■ Instructions to follow:
Start at the line with "A Giant Inflatble Monster Truck Bumper" and print every line through the end of the material below. Keep it exact and free of pictures.

[Opening Dataset records section]

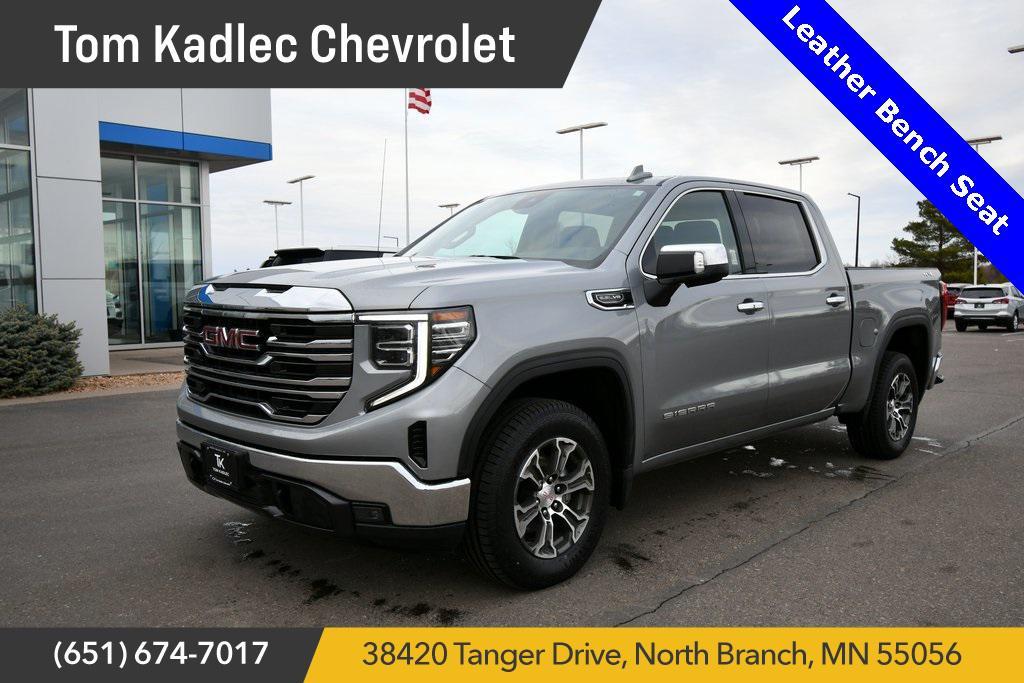 used 2024 GMC Sierra 1500 car, priced at $44,000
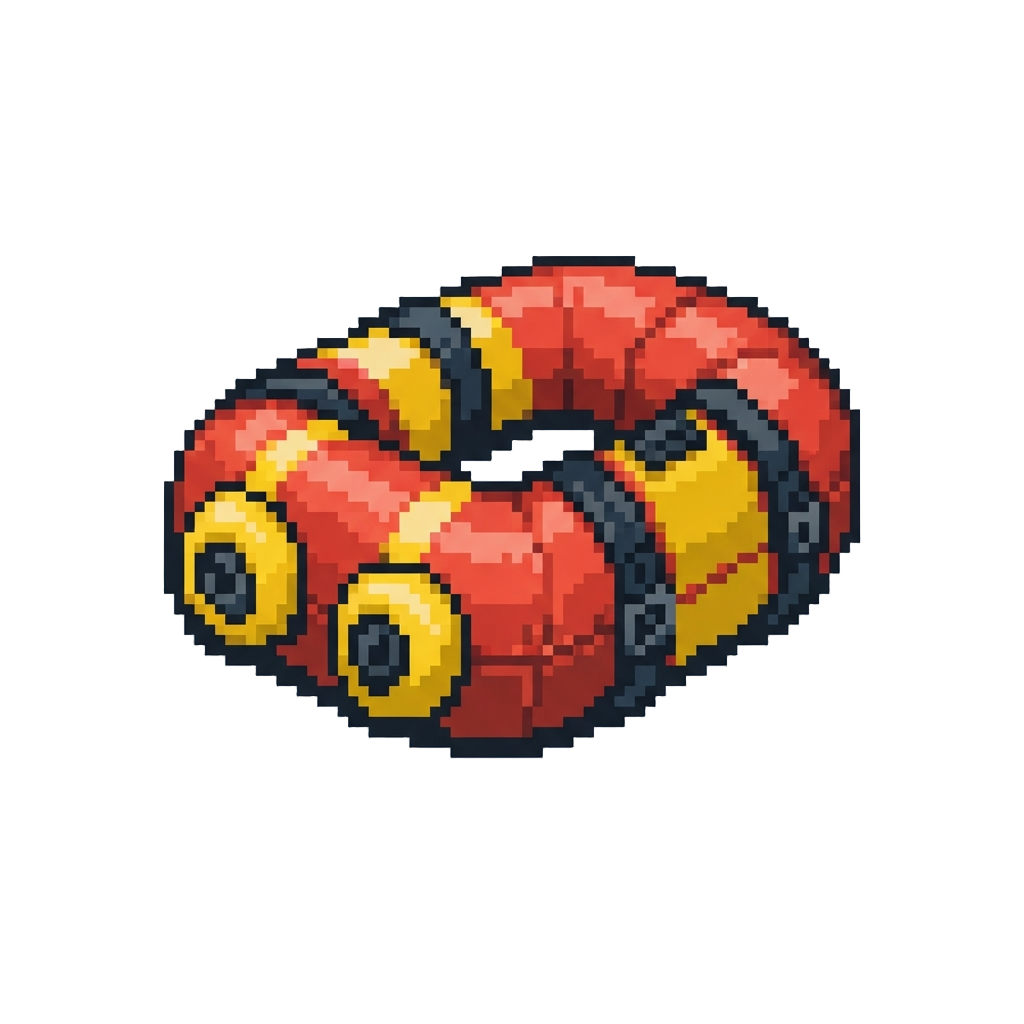 A Giant Inflatble Monster Truck Bumper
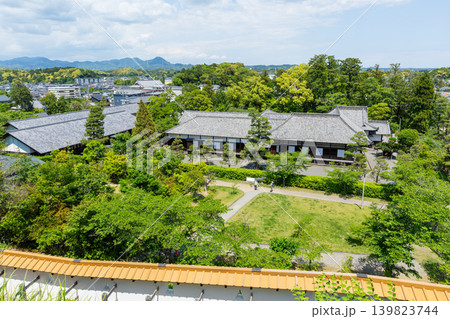 掛川城の二の丸御殿 139823744
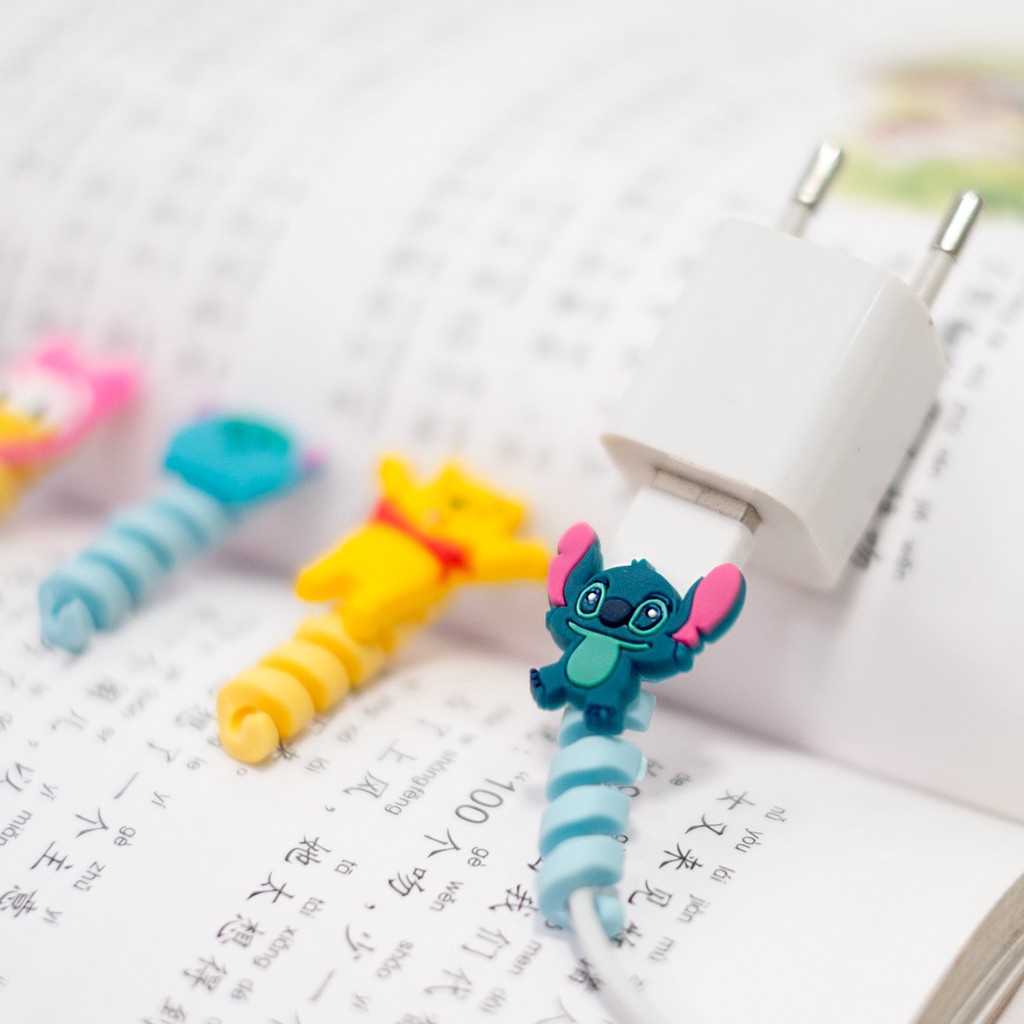 Dây bảo vệ dây cáp dữ liệu hình thú vật dễ thương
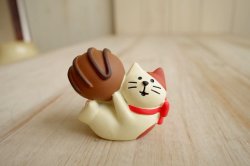 画像1: デコレ コンコンブル　ショコラけりけり猫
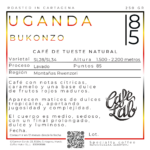 UGANDA BUKONZO ETIQUETA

[Closing Dataset records section]

■ Result of this exercise:
 A Giant Inflatble Monster Truck Bumper
 掛川城の二の丸御殿 139823744
 Dây bảo vệ dây cáp dữ liệu hình thú vật dễ thương
 画像1: デコレ コンコンブル　ショコラけりけり猫
 UGANDA BUKONZO ETIQUETA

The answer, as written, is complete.